Would you return the data below exactly as it stands, with every picture left out?

Segment Start: DATA BELOW

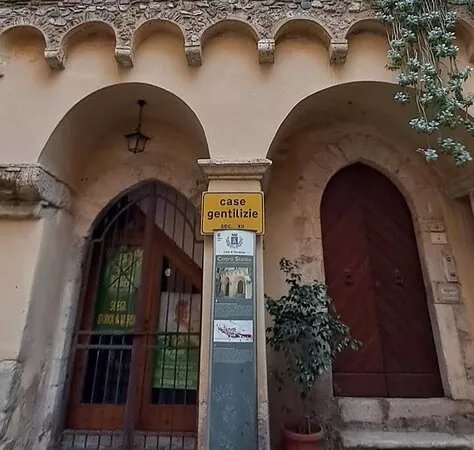 Domus Gotica di Piazza Cancelli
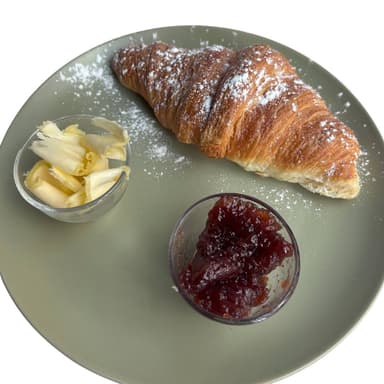 Cuernito con mermelada y mantequilla:
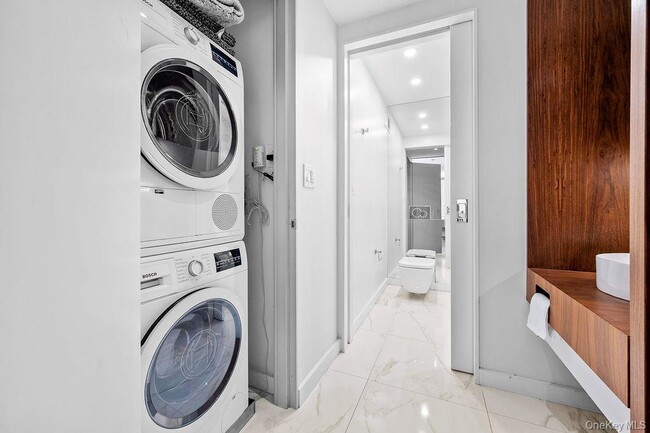 Building Photo - 322 W 57th St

Segment End: DATA BELOW

YOUR RESPONSE:
 Domus Gotica di Piazza Cancelli
 Cuernito con mermelada y mantequilla:
 Building Photo - 322 W 57th St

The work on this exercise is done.